Libya'da mayıs ayının ilk saatleriyle birlikte meşru yönetimi Ulusal Mutabakat Hükümeti'ne bağlı birlikler, isyancı Hafter'in güçlerine ağır darbeler indirmeye başladı. Askeri üstünlüğü kaybeden Hafter'den Sebha kenti sakinleri de desteklerini çekti. BM'den yapılan açıklamada da akan sivil kanından Halife Hafter'in sorumlu olduğu bildirildi.
Libya'nın Birleşmiş Milletler (BM) nezdindeki meşru temsilcisi Ulusal Mutabakat Hükümeti'ne (UMH) bağlı silahlı birliklerin sözcüsü Yarbay Muhammed Kununu, Öfke Volkanı Operasyonu sosyal iletişim sayfasından yaptığı açıklamada, "Hava kuvvetleri terörist Hafter milislerine bağlı kişilerin olduğu silahlı konvoya 6 hava saldırısı düzenledi" ifadelerini kullandı.
Operasyonun Mersit Vadisi yakınındaki Kariyyat ve Nesme bölgeleri arasındaki bir yola düzenlendiği belirtildi.
Açıklamada daha fazla ayrıntıya yer verilmedi.
Son dönemde hükümet güçleri, darbeci asker Halife Hafter'e bağlı silahlı milislere karşı başlattığı operasyonlarda büyük başarılar elde ediyor.

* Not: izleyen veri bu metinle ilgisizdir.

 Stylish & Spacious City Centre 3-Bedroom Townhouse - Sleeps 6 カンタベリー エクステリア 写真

Hezimete uğrayan Hafter'e bağlı milisler başkent Trablus'un çevresinde ellerinde tuttuğu çok sayıda noktayı terk etmek zorunda kalıyor.
Libya'nın Sebha kenti sakinleri Ulusal Mutabakat Hükümeti'ne desteğini açıkladı
Libya'nın Sebha kenti sakinleri ortak bir açıklama yaparak, ülkenin doğusundaki gayrimeşru silahlı güçlerin lideri Halife Hafter'den desteklerini çektiklerini ve Birleşmiş Milletler (BM) tarafından tanınan Libya Ulusal Mutabakat Hükümeti'nin (UMH) meşruiyetini kabul ettiklerini duyurdu.

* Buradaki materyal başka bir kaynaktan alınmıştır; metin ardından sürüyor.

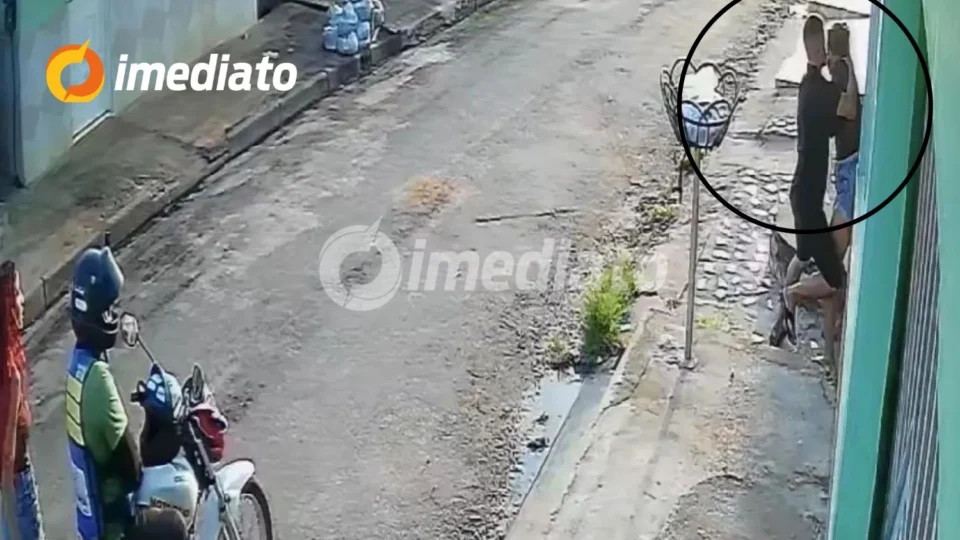 VÍDEO: Mulher é agredida a pauladas pelo ex-companheiro em frente de casa, no Pará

Başkent Trablus’un 750 kilometre güneyinde yer alan Sebha kenti 17 Şubat Devrimcileri, sivil toplum kuruluşları ile şehir sakinleri, yazılı ve görüntülü ortak bir açıklama yaptı.
Birleşik Arap Emirlikleri (BAE), Suudi Arabistan ve Mısır gibi Arap ülkelerinin yanı sıra Rusya ve Fransa’nın Halife Hafter’i desteklediğinin hatırlatıldığı 5 maddelik açıklamada, "Libya halkının reddetmesine rağmen ülkede silah zoruyla Mısır tecrübesi hayata geçirilmeye çalışılıyor" ifadelerine yer verildi.
Trablus’u savunmak için hayatını kaybeden şehitlere Allah'tan rahmet dilenen açıklamada, Suheyrat Anlaşması ve siyasi çözüme işaret edildi, ülkede halen var olan parlamento ile Devlet Yüksek Konseyinin meşruiyetine vurgu yapıldı.
Açıklamanın üçüncü maddesinde, BM tarafından tanınan UMH'nin meşruiyetinin kabul edildiği belirtildi.
"Askerin yönetimi ele geçirmesini reddettiğimizi ilan ediyoruz" ifadelerinin yer aldığı açıklamada, Trablus'a farklı silahlarla yapılan saldırıların kınandığı vurgulandı.
Açıklamanın son maddesinde sivil devlet, demokrasi ve anayasa çerçevesinde yönetimin seçimle ve barışçıl yöntemlerle el değiştirdiği bir sistemin benimsendiği kaydedildi.